I first met Jeff Greene about 15 years ago when I was working at The Oklahoman as a business news reporter and he approached me about a concept that he considered to be the answer to runaway health care costs.
Jeff had sold his interest in one of the nation’s largest medical practice management firms and founded a company here in town called MedEncentive.
His idea was to use an incentive mechanism that rewards both doctors and patients for holding each other accountable for engaging in “information therapy,” a process that promotes health literacy and adherence to health behaviors and quality care.
Jeff’s idea was so innovative that it earned him three U.S. patents and a Canadian patent. It has been proven in a myriad of independently validated studies to simultaneously improve health, improve healthcare, lower costs and provide doctor and patient fulfillment.

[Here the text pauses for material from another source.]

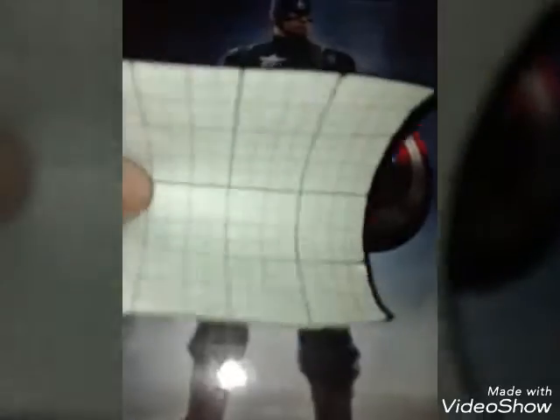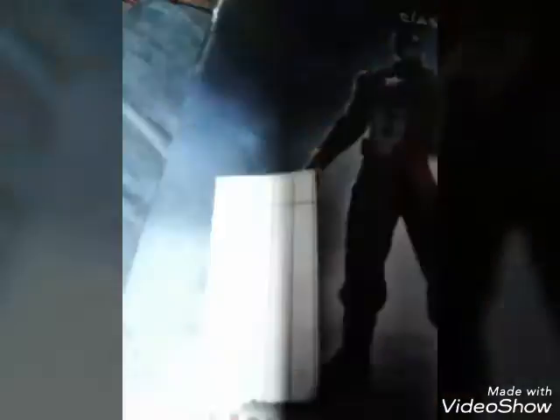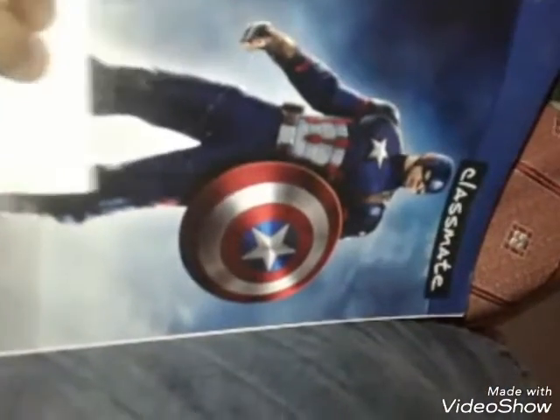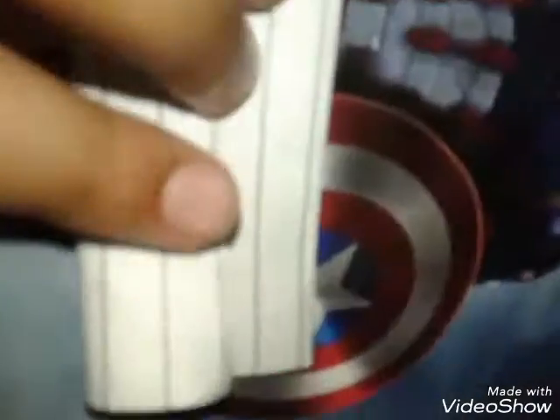Ok friends, so first take a square page and fold it into half like this and crease it properly. Then fold this edge to this line that we folded and crease this also properly, and then again repeat the same from the other side like this. And again crease it properly.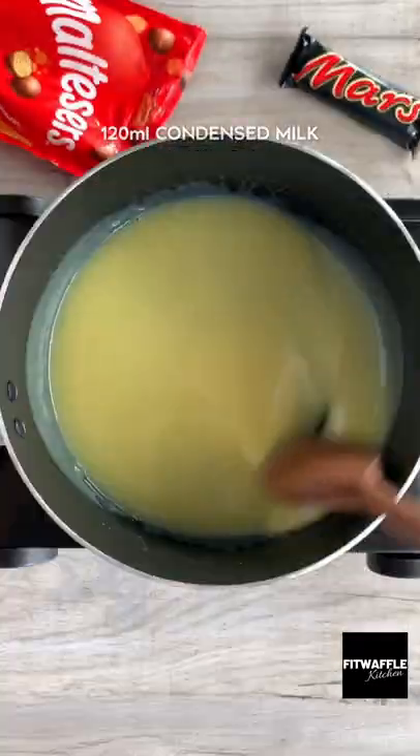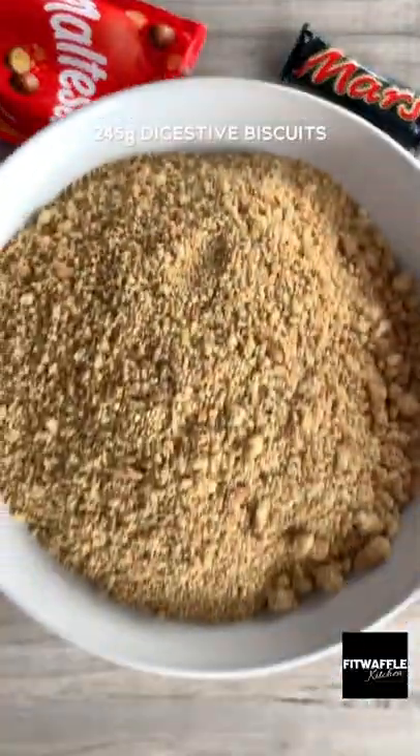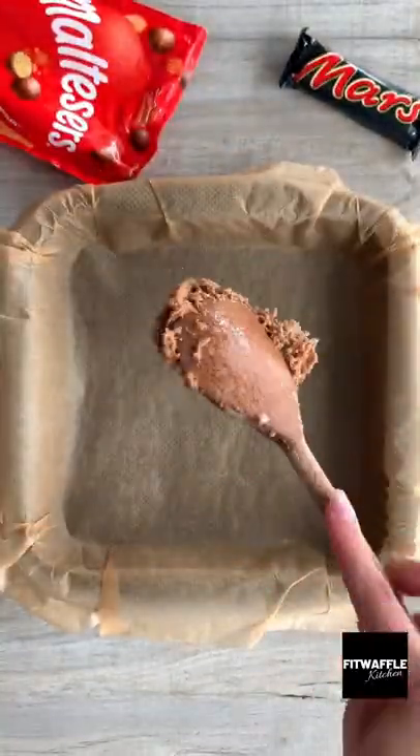First up, you need butter and condensed milk. Melt these on a low heat, then add chopped Mars Bar, crushed Maltesers and crushed digestive biscuits. Stir these together until melted and combined.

Jeff describes this combination of objectives as the “Triple/Quadruple/Quintuple Aim.”
Jeff and Jim Dempster, MedEncentive’s director of Business Development, have tirelessly promoted their innovation to health care providers, employers and insurers for well over a decade.
People are finally starting to see the “win-win-win” potential.
Earlier this month, Buck, one of the five largest HR consulting firms in the world, announced a partnership with MedEncentive, in which Buck will introduce the MedEncentive Mutual Accountability and Information Therapy (MAIT) Program to its clients, as well as adopt the Program for its own employees health plan.
It’s a big deal for MedEncentive, as well as for Buck and its employees and clients. And for Oklahoma.